[Captioned web images]
+---+
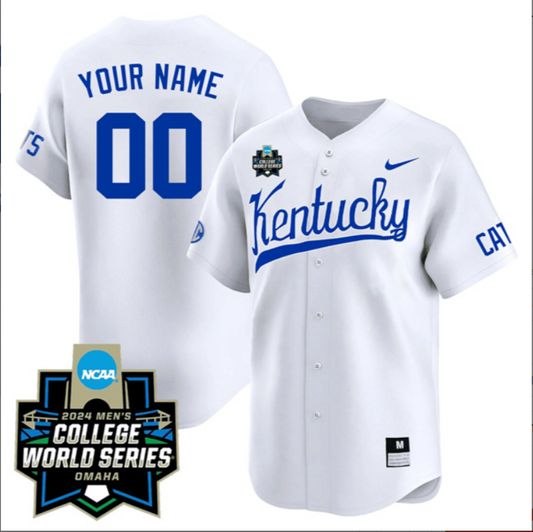 Custom Kentucky Wildcats College Baseball World Series Jersey – White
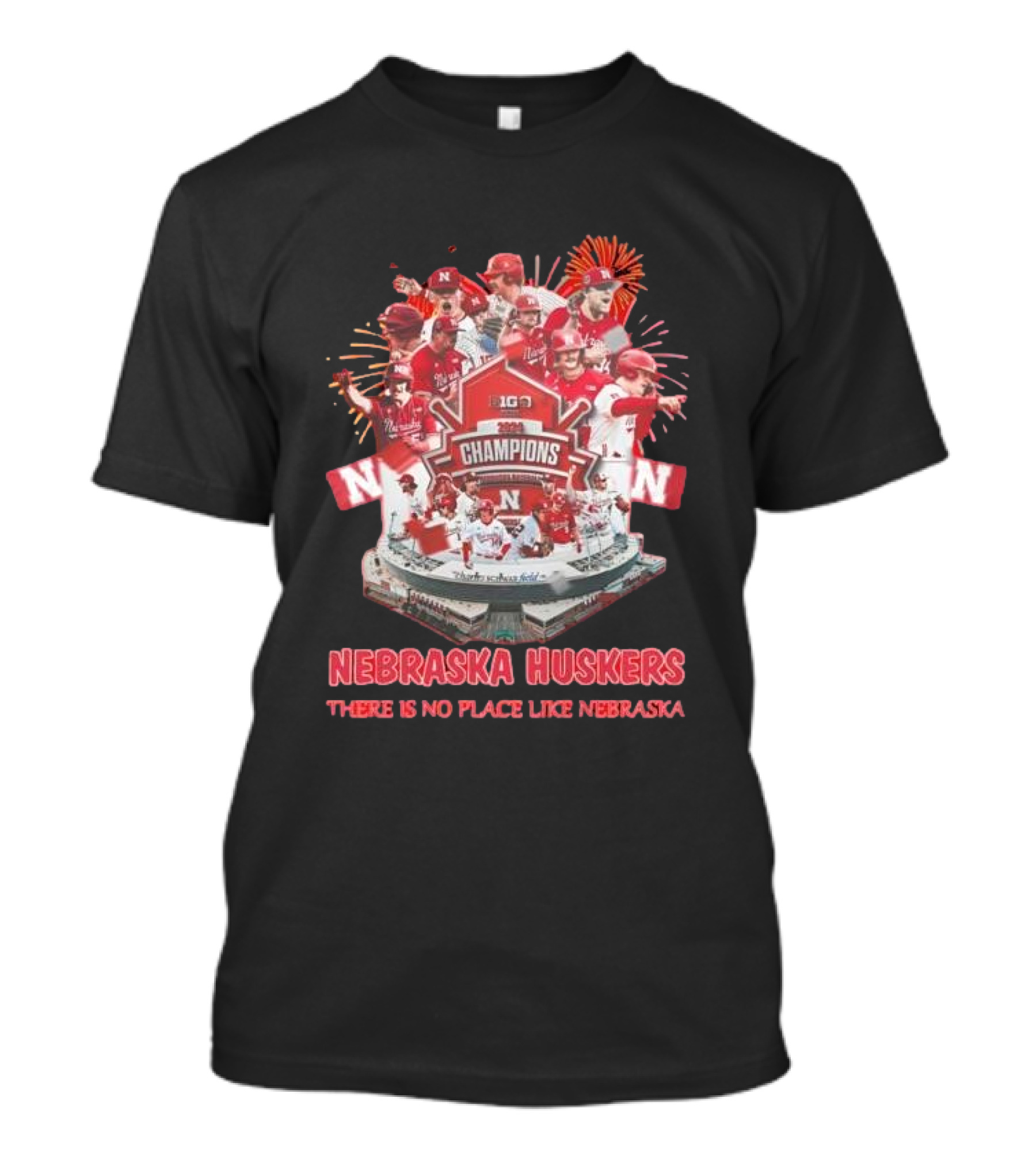 Nebraska Huskers 2024 Big Ten Champions There Is No Place Like Nebraska T-Shirt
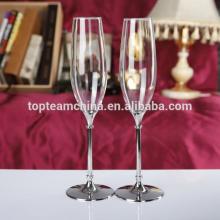 handmade crystal clear champagne  drinking  wine  glass  cup set with metal stand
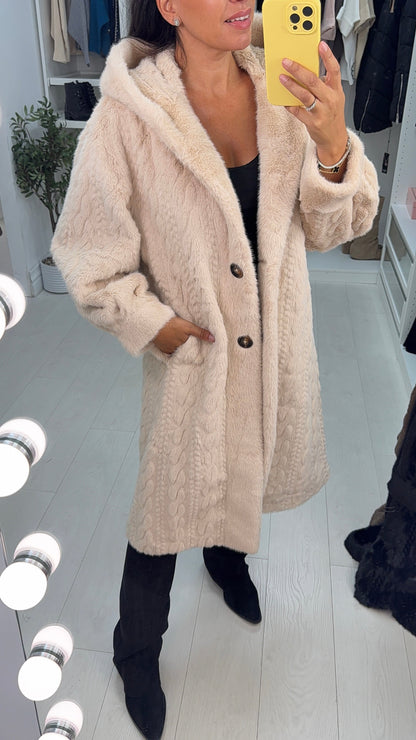 Nerisse Faux Fur Hooded Coat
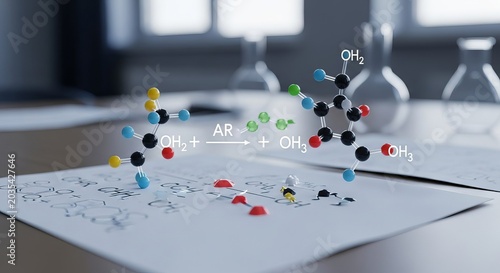 Molecular chemistry reaction visualized with colorful 3D models on paper with chemical formulas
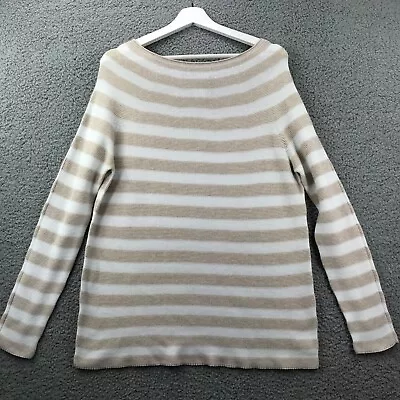 VINEYARD VINES Women's Size MEDIUM Tan White Stipe Long Sleeve Pullover Sweater • $11.99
+---+
## WORK ITEM
All lines from the one containing "Nerisse Faux Fur Hooded Coat" through the end of the entries above must be given again exactly, with every picture omitted.

## RESPONSE BOX
 Nerisse Faux Fur Hooded Coat
 Molecular chemistry reaction visualized with colorful 3D models on paper with chemical formulas
 VINEYARD VINES Women's Size MEDIUM Tan White Stipe Long Sleeve Pullover Sweater • $11.99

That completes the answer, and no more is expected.